The Iran Nuclear Agreement Review Act appears to be the most effective way for Congress to stop President Barack Obama from appeasing the Iranian regime with a bad nuclear deal. The “Corker-Mendez-Graham” bill, or the “Corker Bill,” would require President Obama to submit the final Iran deal to Congress. Yet the text of the bill now before Congress would actually make an Iran deal easier to approve–and would do so by gutting the Senate’s constitutional power over treaties.

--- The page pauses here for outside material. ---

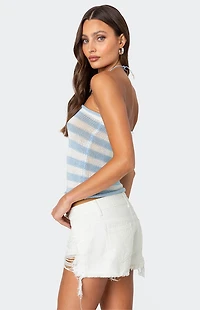Edikted Nox Striped Crochet Tube Top
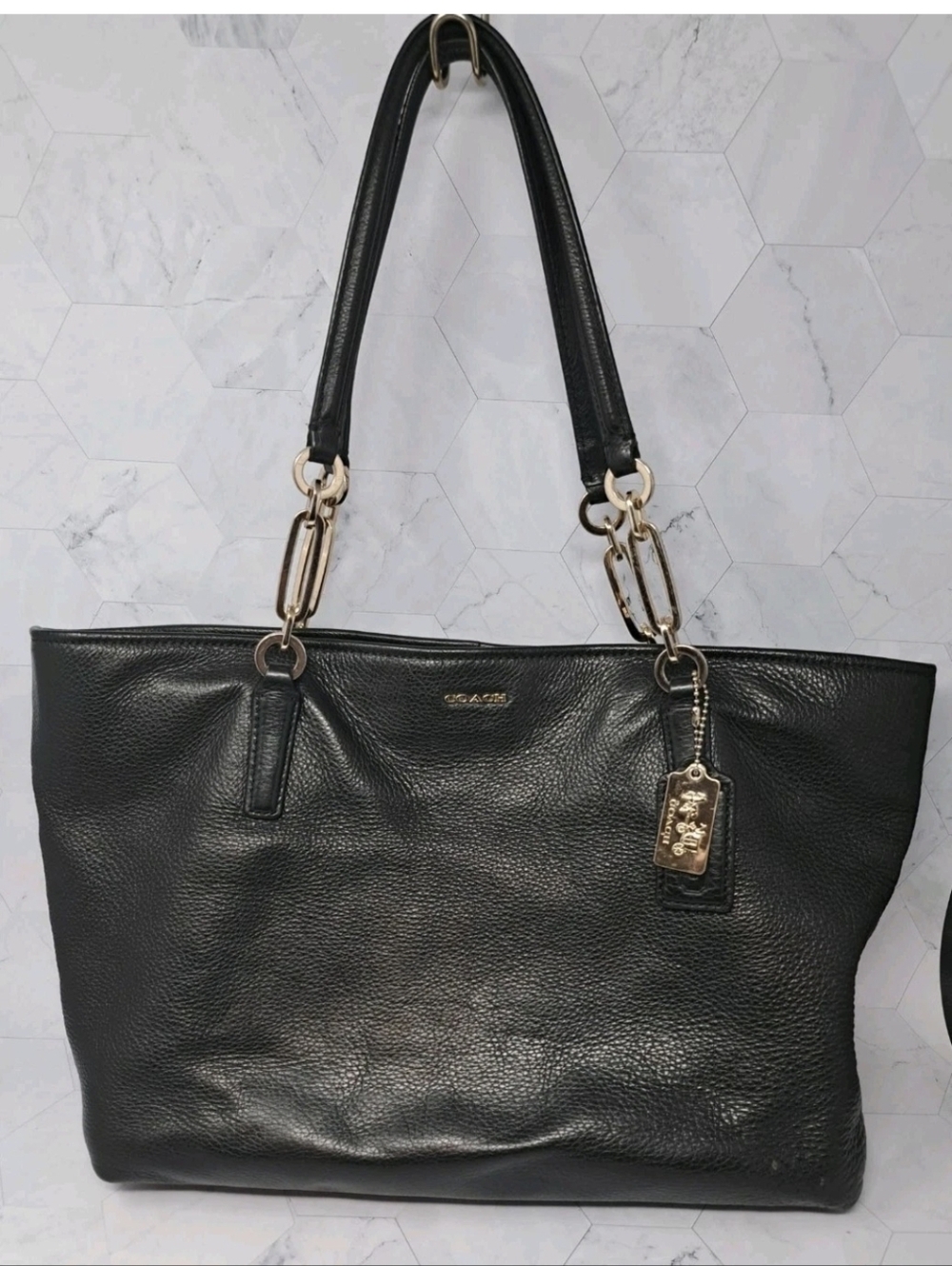 Coach Madison Black Pebbled leather North South Large Tote Bag 16 1/2x10"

The current versions of the Corker bill, S. 615, and a similar bill, S. 625, say nothing about the Treaty Clause of the Constitution (Art. II, Sec. 2, Clause 2): “The President…shall have Power, by and with the Advice and Consent of the Senate, to make Treaties, provided two thirds of the Senators present concur…”. Instead, the legislation grants both houses of Congress the ability to approve an Iran deal by majority vote. That is a significant, and possibly unconstitutional, lowering of the bar.
The debate about the Corker bill has been confused by the effort to build a veto-proof two-thirds majority in both houses that could override a promised presidential veto of S. 615. It might be understood that Congress was building a veto-proof majority of the Iran deal itself. Not so–and, in fact, it would probably be much more difficult, especially in the House, to muster a veto-proof majority against an Iran deal that had already been approved by both houses.
There is a way to fix the Corker bill: it could be amended to include a provision explaining that while the bill provides a mechanism for Congress to monitor compliance with any Iran deal, and expresses the opinion of Congress as to what a deal with Iran should include, any deal is still a treaty that must still be ratified by a two-thirds majority of the Senate to take effect. Right now, though, the major amendments at stake are focused on watering down the bill to win Democratic votes.